Lupus is believed to be one of the many autoimmune diseases, where the immune system affects parts of the body by destroying the cells and tissues which it was supposed to protect. Apparently, its symptoms include skin rashes, fever, painful or swollen joints, and intense fatigue which could spread and settle down. Supposedly, experts at The Scripps Research Institute (SRI) have now identified the chief cause for the growth of this particular disease.
It was estimated that approximately 1.5 million Americans may be suffering from systemic lupus erythematosus (or lupus).

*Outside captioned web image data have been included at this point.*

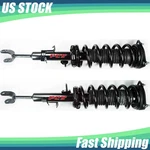 For 2003-2007 Infiniti G35 Fcs 2PCS Set Front Complete Strut And Coil Springs New. Price: $257.71.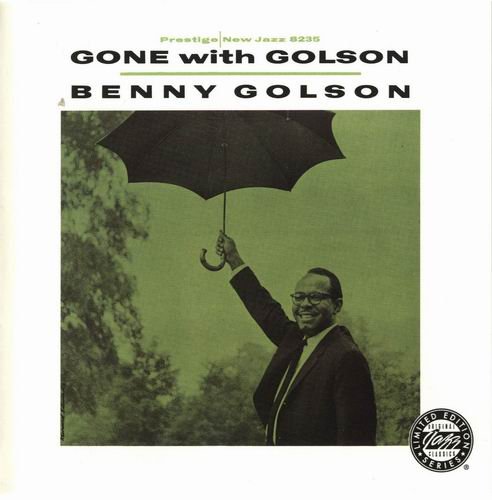 Benny Golson - Gone With Golson (1959)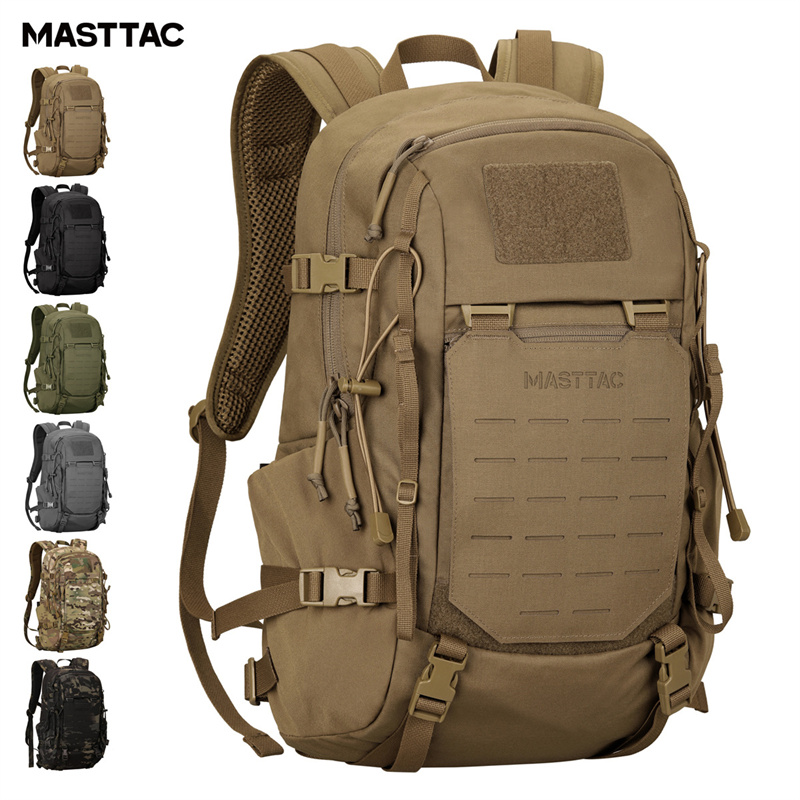 High Quality 25L Tactical Back - Cycling Commuter Backpack Laptop recensione e prezzo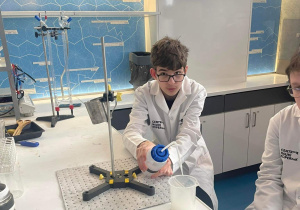 warsztaty chemiczne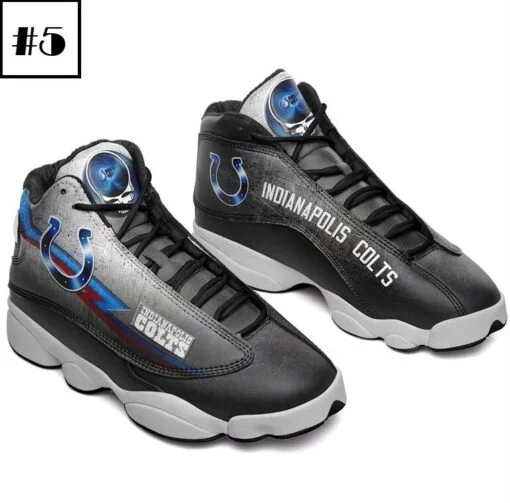 Colts Sneakers - Image 6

Professor of Immunology and Microbial Science in SRI, Dwight Kono and his colleagues seem to have illustrated three proteins, called Toll-like receptors (TLRs) that may be essential for this auto destruction to take place.
TLRs are believed to be proteins which are found in the immune cells that often produce an early response of the immune system towards foreign pathogens. Apparently, it was also stated that TLRs may provide effective targets for the creation of novel treatments not only for lupus but also for various other autoimmune diseases.
It was stated that in lupus, this series of actions may be affected by something which may result in the production of an antibody. As a result, the immune system may produce “autoantibodies” against some of the body’s own molecules, cells and tissues. Supposedly, TLRs identifies the genetic material of the pathogens (viral RNA, viral DNA and bacterial DNA) and stimulates the immune cells to create antibodies against the mentioned molecules.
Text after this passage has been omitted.